El ciudadano puede fallar, puede no cumplir, puede salirse del pacto con las consecuencias previstas. Quien no puede fallar es el Estado, puesto que es a quien nosotros creamos, a quien le dimos atribuciones y se nos ha vuelto en contra, o al menos en contra de algunos.

Cuando se buscan respuestas sobre la inseguridad, se debe buscar más en el papel del Estado, qué hizo y qué está haciendo. Puesto que jamás debemos olvidar que detrás de la inseguridad, hay siempre una crisis económica, y más allá, el Estado queriendo legitimarse.

A. Spiegel.

jueves, 31 de julio de 2008

¿Lo que está en juego?

Algún filósofo del poder dijo recientemente que estábamos al borde de un cataclismo. Qué lejos tiró la bocha. Si quieren pueden salir a la calle y ver que los semáforos, aunque sea, todavía funcionan.

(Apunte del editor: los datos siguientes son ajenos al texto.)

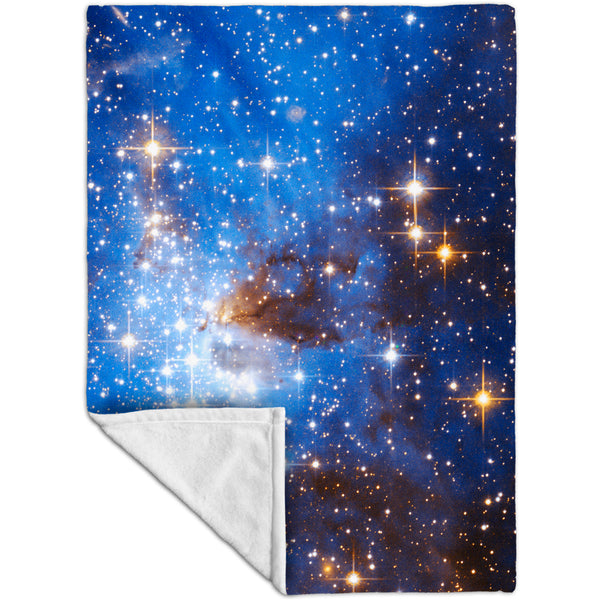 Stellar Space Nursery Fleece Blanket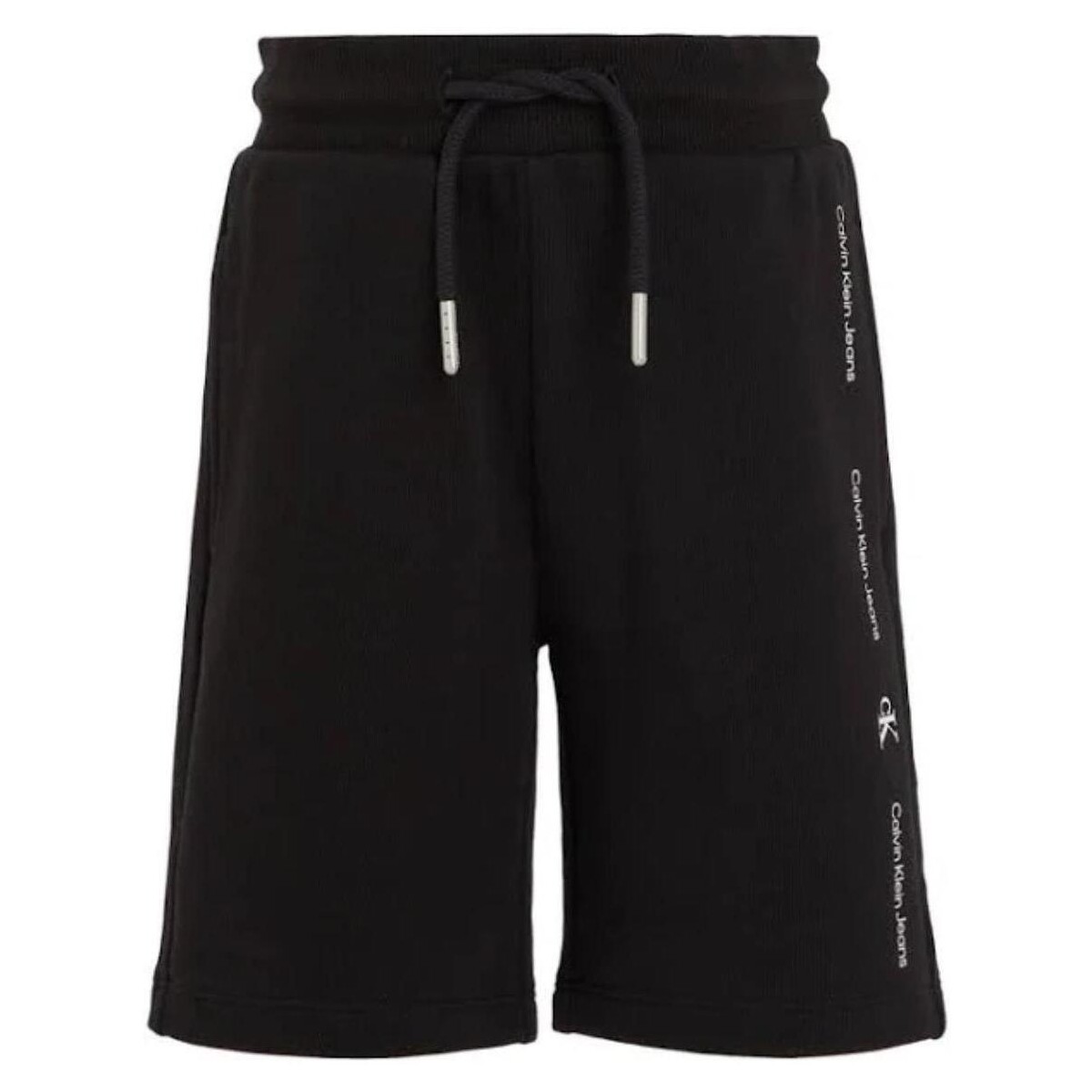 Oblačila Dečki Kratke hlače & Bermuda Calvin Klein Jeans  Črna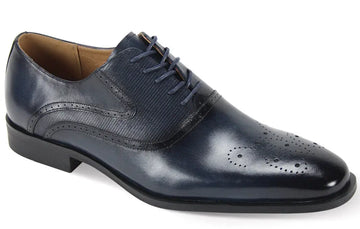 Giorgio 6996 Navy Genuine Leather Oxfords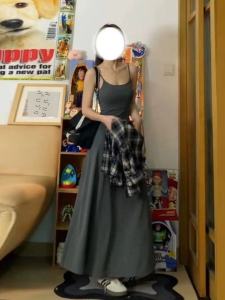 Spring Autumn 2024 New plus Size French Style Strapless Dress Women Slimming Personality Inner Wear Bodycon Long Skirt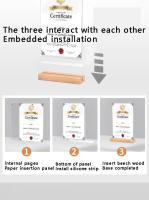 Soporte De Madera Para Tarjetas L-Shaped T-Shaped A6 A5 A4 Doble Cara Resistente Soporte Para Papel Y Display De Etiquetas - details 5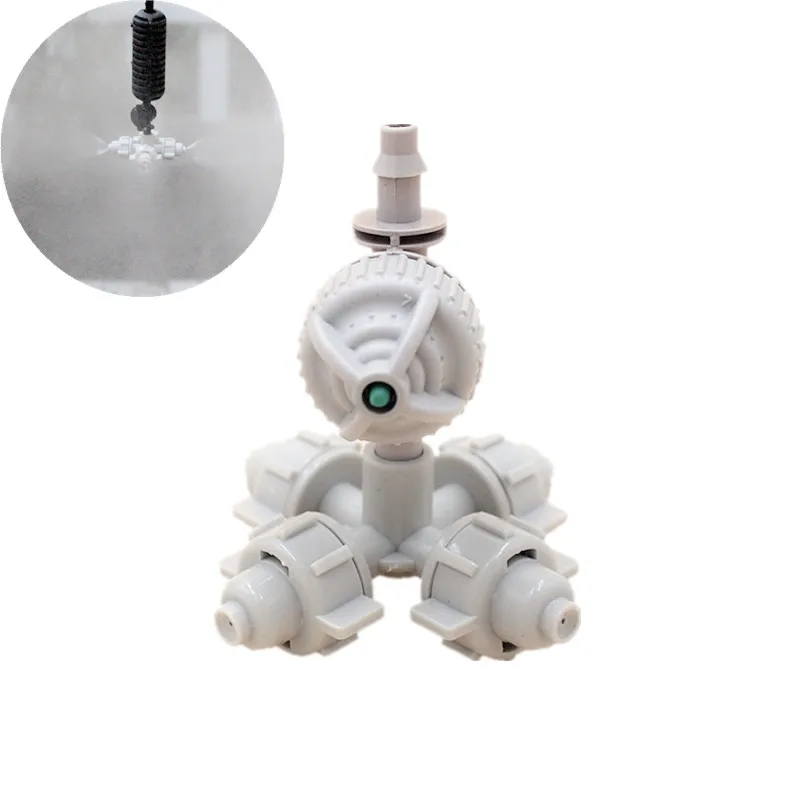 Fast Shipping 20pcs White Cross Misting Sprinkler With 1/4inch Antileak Cooling Hanging For Irrigation Fittings | Дом и сад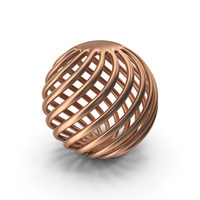 Bronze 3D Printed Modern Art Object PNG & PSD Images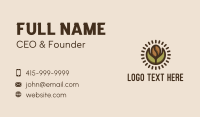 Coffee Bean Leaf Business Card Image Preview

Qué compleja es nuestra realidad. Hoy en Argentina se viven tiempos de cambio. El pasado ha vuelto para ajusticiar las injusticias del pasado. Junto a él han vuelto también los errores de esa época. La hidalguía de quienes se levantaron contra una ola de terror que avanzó durante décadas en nuestro continente y fue producto de un contexto político de ensayo, odio y terror, hoy se ve insultada por la tergiversación de sus hechos en la historia, de su sangre derramada.

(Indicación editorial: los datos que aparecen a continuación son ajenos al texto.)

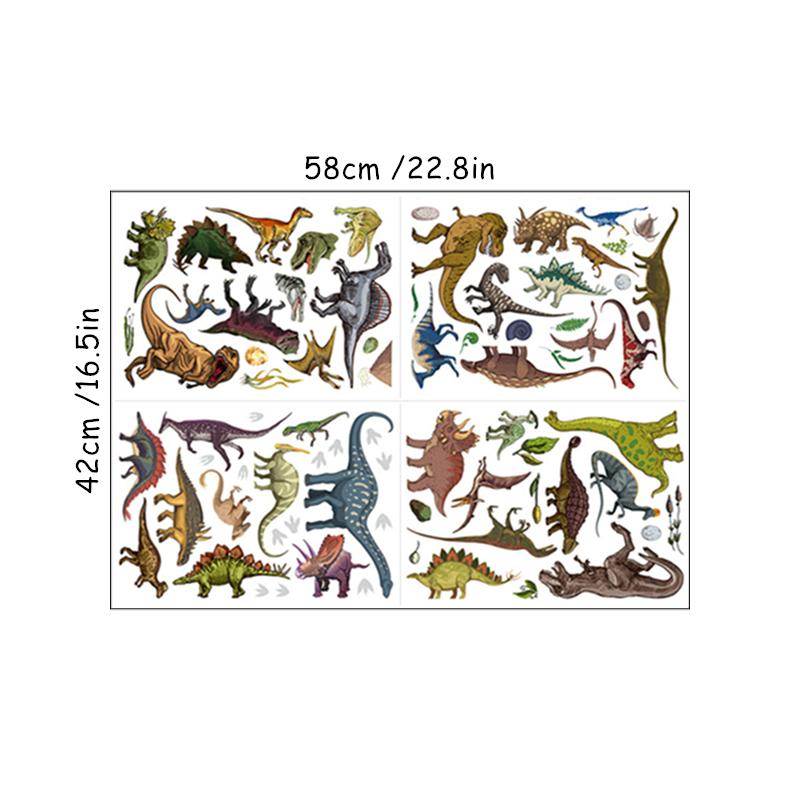 Lifelike Jurassic Dinosaur Luminous Wall Decals Vinyl Stickers Glow In The Dark For Living Room Kids Bedroom Diy Home Decoration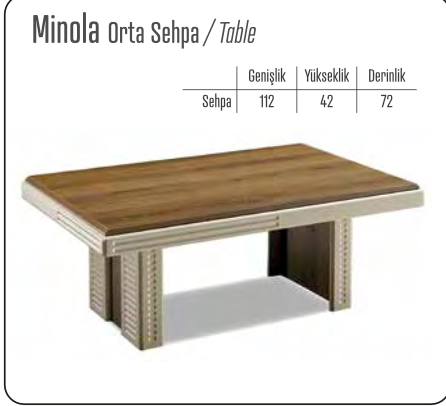 Image swatch MİNOLA Couchtisch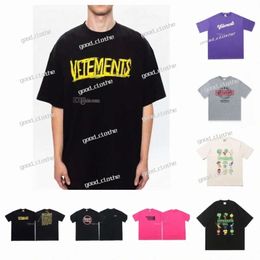 ESS Mens T-shirts Vetements T-shirt Men Polo High Quality Summer Mens Designer Essentialsweatshirts Printed Wash Water to Make Old Short Sleeved T Shirts 261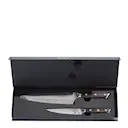 Wengè knivset 2 delar kockkniv + allkniv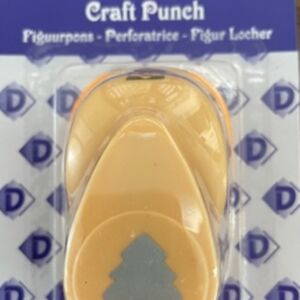 OUTLET Figuurpons / papierpons, 16mm, kerstboom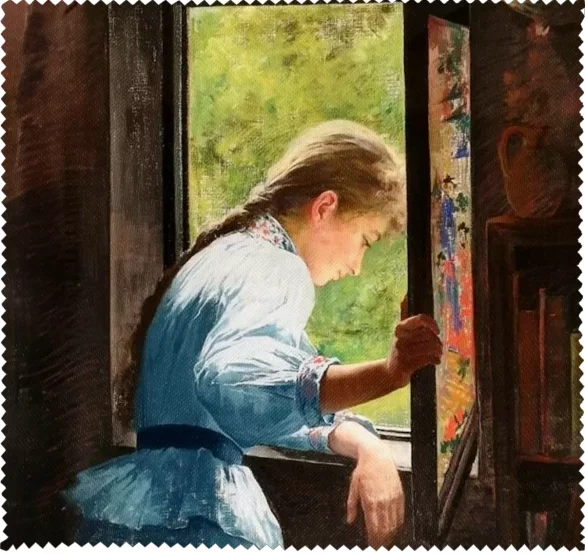 Ściereczka do okularów W oknie Anna Bilińska-Bohdanowiczowa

La dirección política sigue la línea de la perdición. No ve, no oye, no habla. Piensa que con su testarudez y sus falsas enmiendas encontrará un rumbo que gran parte del geoide no encuentra. No entiende que la administración debe ser de los recursos y no de las remesas, que por el orden económico se vuelven astutas, cambian sus formas y escapan de la necesidad general.

La realidad nos envuelve. Nuevas o viejas caras con nuevas o viejas ideas, que por haber gozado de legitimidad en otro tiempo, se las pretende usar de escudo para validar el presente, logrando únicamente violentar la memoria, insultar la historia y subestimar al pueblo. Si sólo detrás de ese escudo se encuentras las ideas antagónicas, que por subterráneas se creen invisibles.

El presente reclama activismo. Reclama conciencia. En el ahora se construye el presente. En las vísperas del bicentenario, vuelven a la mente signos y sistemas que blandidos por recíprocos enemigos, se tornan vacíos y ajenos a las ideas que les dieron contenido.

El presente reclama ideas. Reclama una solución que repare las estructuras dañadas desde el principio. Los proyectos olvidados. La necesidad urgente de quienes no pueden esperar el ciclo de un cultivo o de una economía. Muchas personas nacen, viven y mueren sin saber por qué vivieron como lo hicieron, y lo que es peor: sin preguntárselo. El mundo ofrece los elementos para saciar las necesidades del hombre. El equilibrio tiene estricta relación con la responsabilidad. Y en nuestro orden la que más importa es la responsabilidad del ciudadano, que no es otra cosa que conciencia y política. Ésta impulsa a la del actor que si bien no es el principal, es importante, este es el político. El funcionario. Él debe ser objeto de toda la presión, pues es quien tiene que actuar con claridad, transparencia y trabajar incansablemente.

Entiendo que el primer escalón, es éste: la conciencia política de quien por opción no la ejerce. Porque aquél desganado y escéptico es el ejemplo de la causa que conduce a dejar libre las posibilidades del fracaso. Como dijo Bertolt BrechtEl peor analfabeto, es el analfabeto político. No oye, no habla, no participa de los acontecimientos políticos. No sabe que el costo de la vida, el precio del poroto, del pan, de la carne, del vestido, del zapato y de los remedios, dependen de decisiones políticas. Es tan burro que se enorgullece y ensancha el pecho diciendo que odia la política. No sabe que de su ignorancia política nace la prostituta, el niño abandonado y el peor de todos los bandidos: el político corrupto, mequetrefe y lacayo del gran capital”.